Like India, China signed an agreement for five principles of peaceful existence, famously known as the Panchsheel agreement, with the Myanmar Prime Minister U Nu in 1954. However, the context in which the agreement was signed was heavily skewed against Myanmar as the Chinese troops were already inside Myanmar and they laid claim over parts of Northern Myanmar. This was coupled with the massive inflow of population from China to Myanmar as this changed the demography of many of the Myanmar cities.

After several rounds of negotiations between the two sides in the backdrop of a fierce power struggle taking place in Myanmar, both the countries agreed on a boundary in October 1960. It seemed pragmatism had prevailed. There was a territorial swap based on geography and administrative ease. No doubt, the agreement between the two countries has largely held but the situation that followed in Northern Myanmar in the last six decades is nothing short of a civil war.

The three highland regions, namely, Kachin, Wa and Shan, inhabited by the country’s ethnic and religious minorities with political and economic grievances, are insurgency-hit parts of Myanmar with a strong trans-border influence from China. Chinese state institutions, including the People’s Liberation Army (PLA) and the regional government of China’s neighbouring Yunnan province, maintain equities with all the stakeholders, including the insurgent groups, across the border in a calibrated and sophisticated manner. The insurgencies are seen as a threat to national security and unity by the Burmese ethnic majority, living in the plains of Irrawaddy delta, thus becoming the raison d’être for military domination in the power structure.

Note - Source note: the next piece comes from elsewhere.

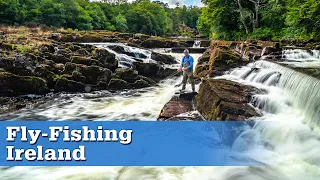 Fly-Fishing for Sea Run Trout and Salmon in Ireland | S16 E8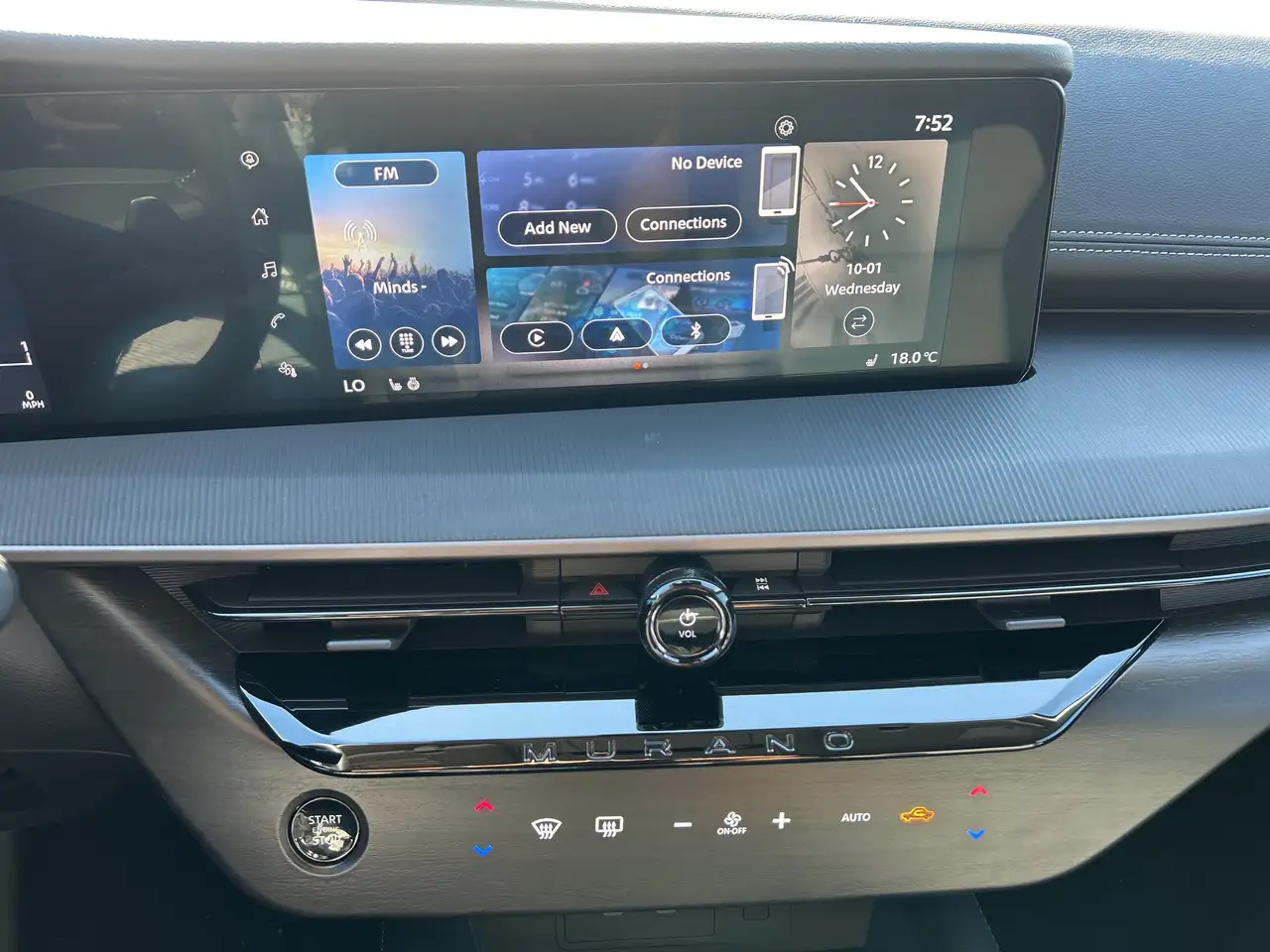 Nissan Murano снимка Nissan Murano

Wa state, which has trans-border civilian, economic and alleged military ties with China, is de facto autonomous and a modus vivendi exists between the Tatmadaw, the local name of Myanmar military, and the United Wa State Army since 1989.

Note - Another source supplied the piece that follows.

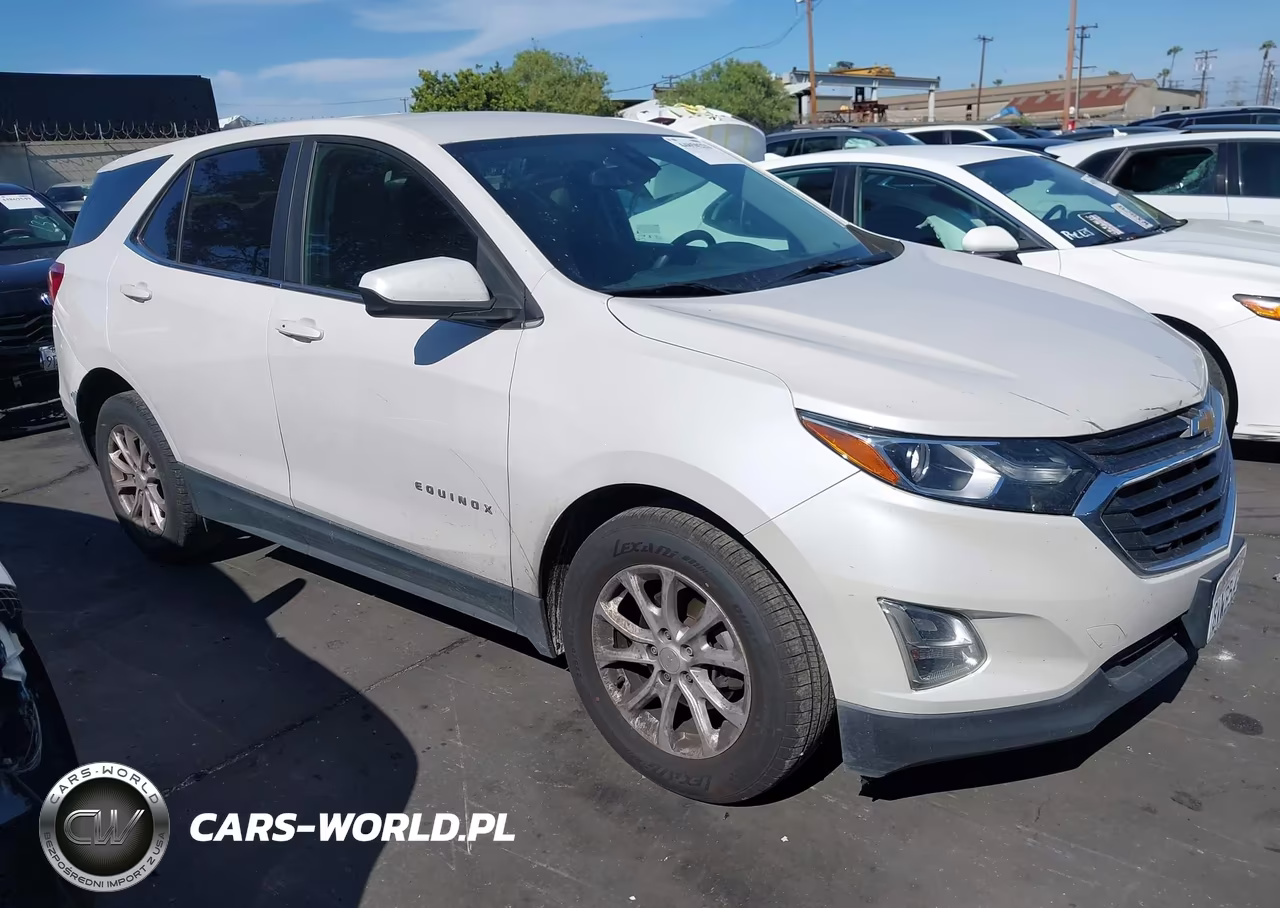 2021 Chevrolet Equinox Fwd Lt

In Kachin, China maintains its relationship with the Kachin Independence Army (KIA), an insurgent group active in the region, as well as Tatmadaw. The region has jade mines, which is often the site of mass casualties as locals work as miners in inhospitable and unsafe conditions. On July 2, a landslide at a mine in Hpakant town in Kachin state claimed 172 lives. China is the biggest market for jade as it is considered an auspicious stone by the wealthy Chinese. The value of illegal trade of jade is several times more than the legal trade, creating a corrupt ecosystem of the senior officials of Tatmadaw, KIA commanders and the Chinese market.

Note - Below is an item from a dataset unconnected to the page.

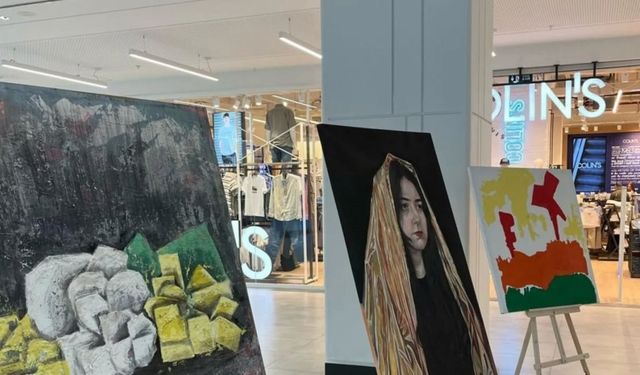 Dünya Sanat Gününe özel sergi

Coming to the nearly 2,167 mile Sino-Indian Line of Actual Control, nearly one-fifth of the Chinese territory is Tibetan Autonomous Region (TAR) and it is this restive region that adjoins India. Tibet is at the heart of China’s modern conception of a nation-state. The first provisional president of Republican China, Sun Yat-Sen had mooted the idea of the Republic of Five Nationalities — Han, Manchu, Mongolian, Hui (Muslim) and Tibetan.

China has often resorted to diplomatic bullying to prevent the Dalai Lama from meeting with other global leaders. In October 2009, even the then US President Barack Obama decided not to meet him as it was believed that it would impact the US President’s upcoming China trip. Ladakh and Arunachal Pradesh, the two areas that adjoin the Sino-Indian Line of Actual Control, have recorded centuries-old transnational ties, including trade and religious, with Tibet. The Dalai Lama visits both the areas frequently as part of his religious duties. In this respect, whether the boundary would have been demarcated or not with India, the Chinese strategy to homogenise would have continued to view its borderlands or perceive areas across as a security threat.

The border lands, populated by ethnic and religious minorities, are more than just the territorial space to be conquered and administered. A mere drawing of the boundary also doesn’t bring an end to the centuries-old influence of the neighbouring areas. The Burmese majority project of establishing a stable and peaceful nation-state may have resolved a boundary row with China, but it failed to end the insecurity in its borderlands. Though for different reasons, the same holds true for China’s borderlands that are close to India.